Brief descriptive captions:
<<<<

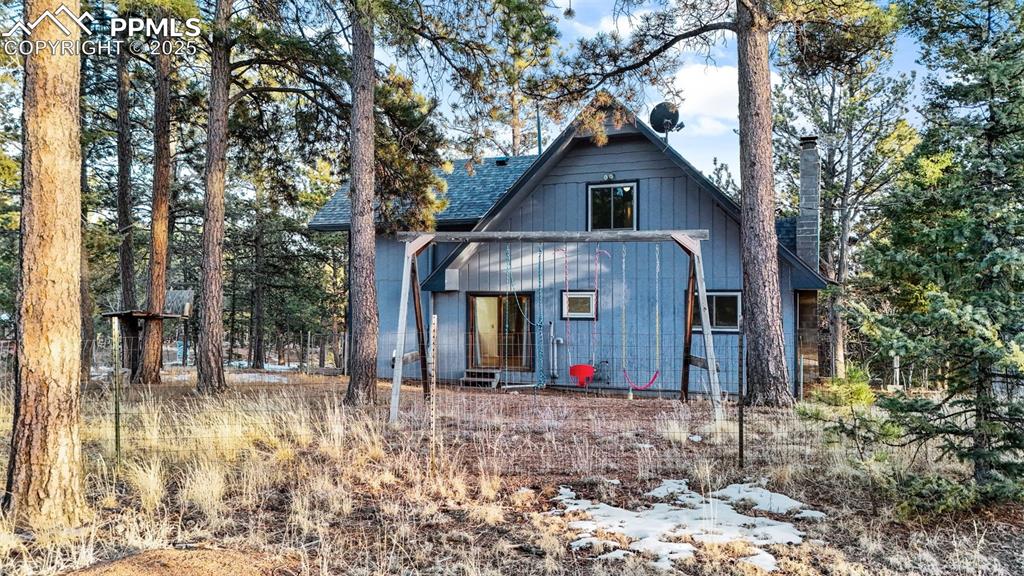 832 Spring Valley Drive Divide, CO 80814 - Photo 49 of 50 a view of a house with a yard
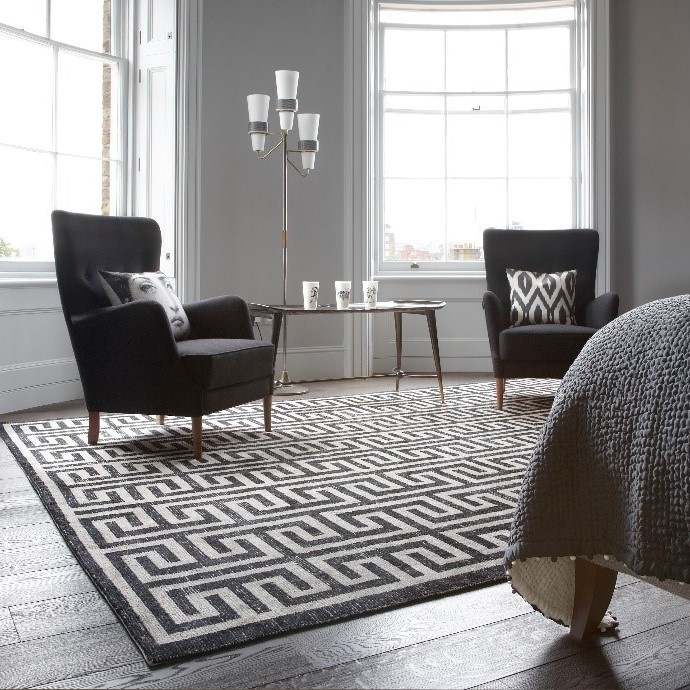 Black and white geometric rug with Greek key design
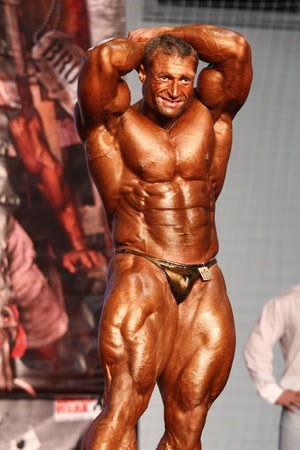 BUDAPEST - NOVEMBER 20: Kormany Mihaly participate in IFBB Champion of the Year 2011 bodybuilding championship Overall category on November 20, 2011 in Budapest, Hungary 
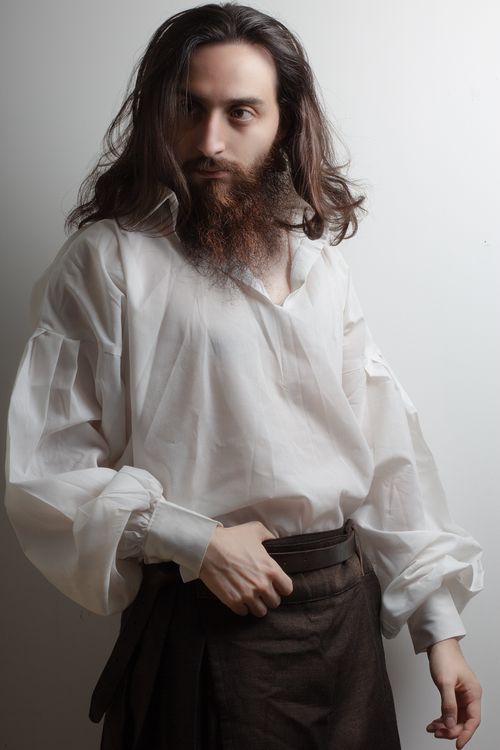 Free Stylish portrait of a bearded man wearing a white shirt and brown trousers, captured in a studio setting. Stock Photo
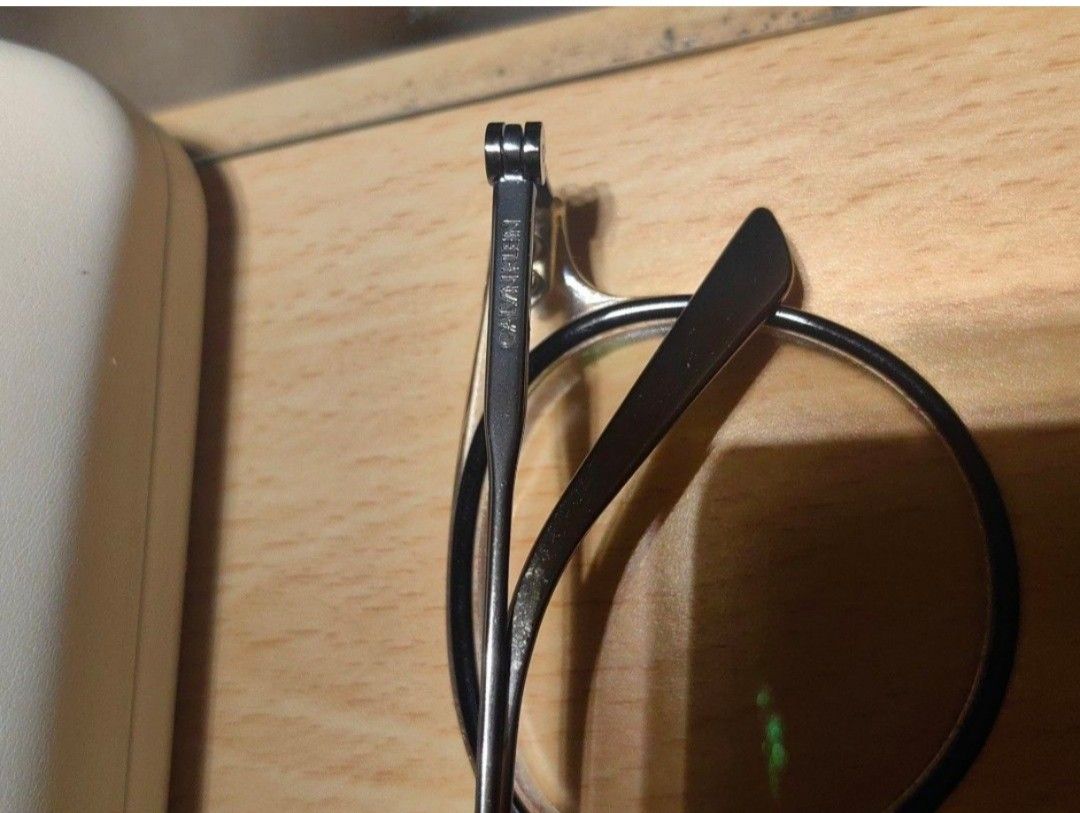 Calvin Klein Titanium CK18705 Eyeglass Frames (Category: Sunglasses & Eyewear) located in Cavite. Submitted by klosetnijuan (Listing ID 1467257485, Image 3). Description: Titanium frames from Calvin Klein, model CK18705. Black and clear front rims with silver temples. Measurements stamped on arm: 49-19-140. Includes original white Calvin Klein Jeans hard case and a free Vision Express voucher card - lense grade up to 300..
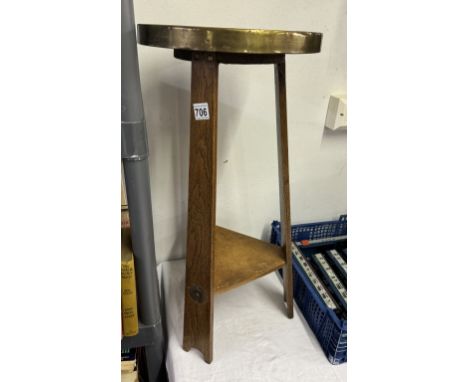 An arts &amp; crafts oak tripod table with hammered brass top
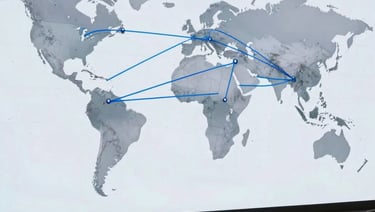 A wide-angle photograph of a modern North American / Global Turkish office. A large digital screen in the background shows a world map with Soft Steel Blue connection lines between New Mexico, Japan, and the UAE. The atmosphere is professional and global.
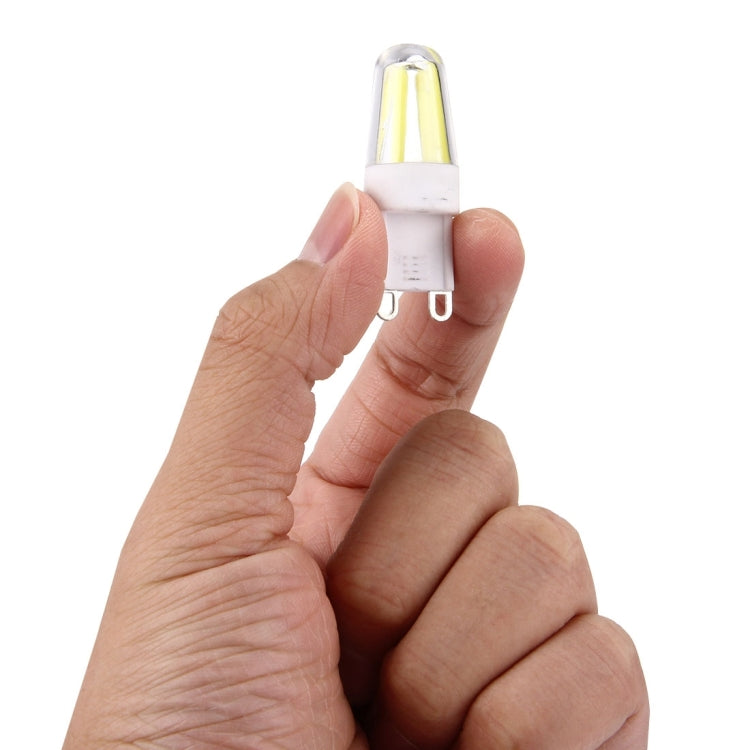 Hand holding a G9 dimmable LED bulb with clear glass and two-prong base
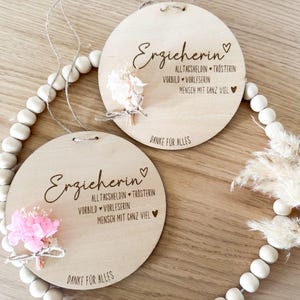 May include: Two round wooden plaques with the word "Erzieherin" and other German text, each adorned with a small bouquet of pink flowers. The plaques are connected by a string of white beads and a natural twine. The text "DANKE FÜR ALLES" is also visible.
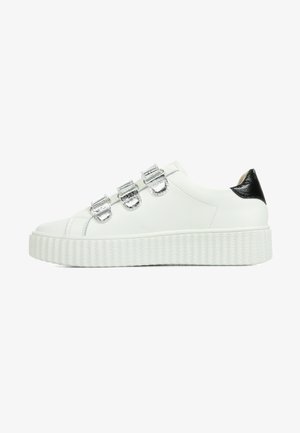 Witte leren sneaker met drie zilverkleurige metalen gespen en een zwarte accent bij de hak. Beschikt over een textuur witte platformzool.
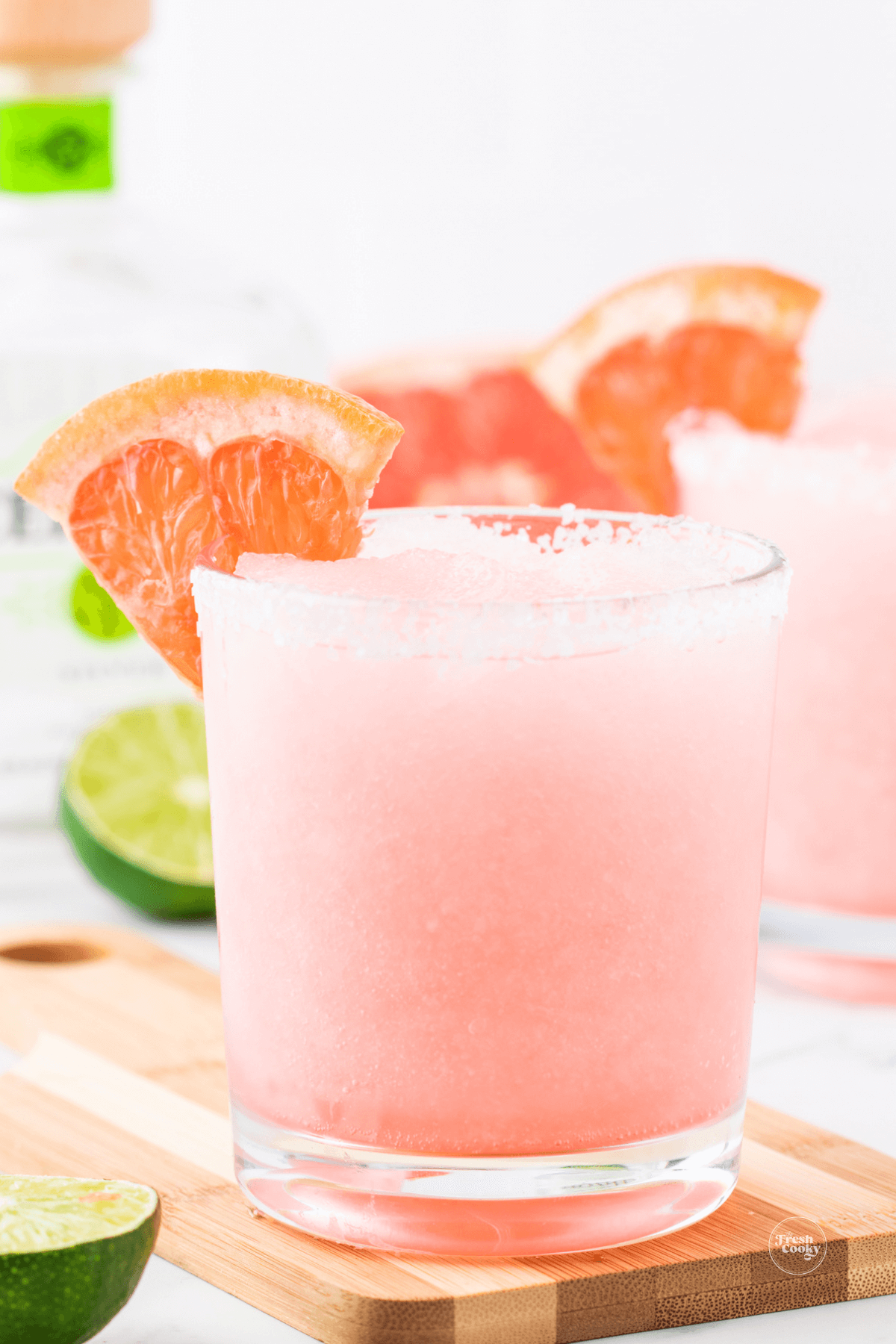Grapefruit Paloma cocktail in glasses with wedge of grapefruit.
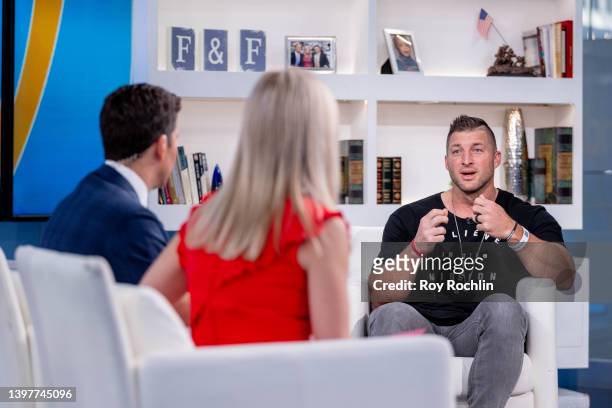 Former NFL player Tim Tebow visits "Fox & Friends" to promote his new children's book "Mission Possible" at Fox News Channel Studios on May 17, 2022...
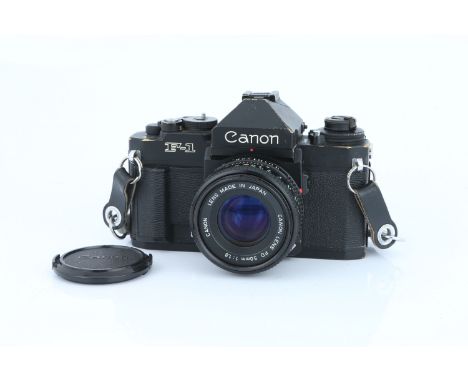 A Canon F-1 New SLR Camera, black, with FD f/1.8 50mm lens, body, F-G, shutter working, lens, G-VG, some light internal haze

>>>>

INSTRUCTIONS FOR THE TASK => Exact lines, nothing more: output the one with "An arts &amp;" and every later line through the end of the data, skipping pictures.

EXERCISE RESULT =>
 An arts &amp; crafts oak tripod table with hammered brass top
 A wide-angle photograph of a modern North American / Global Turkish office. A large digital screen in the background shows a world map with Soft Steel Blue connection lines between New Mexico, Japan, and the UAE. The atmosphere is professional and global.
 Hand holding a G9 dimmable LED bulb with clear glass and two-prong base
 May include: Two round wooden plaques with the word "Erzieherin" and other German text, each adorned with a small bouquet of pink flowers. The plaques are connected by a string of white beads and a natural twine. The text "DANKE FÜR ALLES" is also visible.
 Witte leren sneaker met drie zilverkleurige metalen gespen en een zwarte accent bij de hak. Beschikt over een textuur witte platformzool.
Grapefruit Paloma cocktail in glasses with wedge of grapefruit.
 Former NFL player Tim Tebow visits "Fox & Friends" to promote his new children's book "Mission Possible" at Fox News Channel Studios on May 17, 2022...
 A Canon F-1 New SLR Camera, black, with FD f/1.8 50mm lens, body, F-G, shutter working, lens, G-VG, some light internal haze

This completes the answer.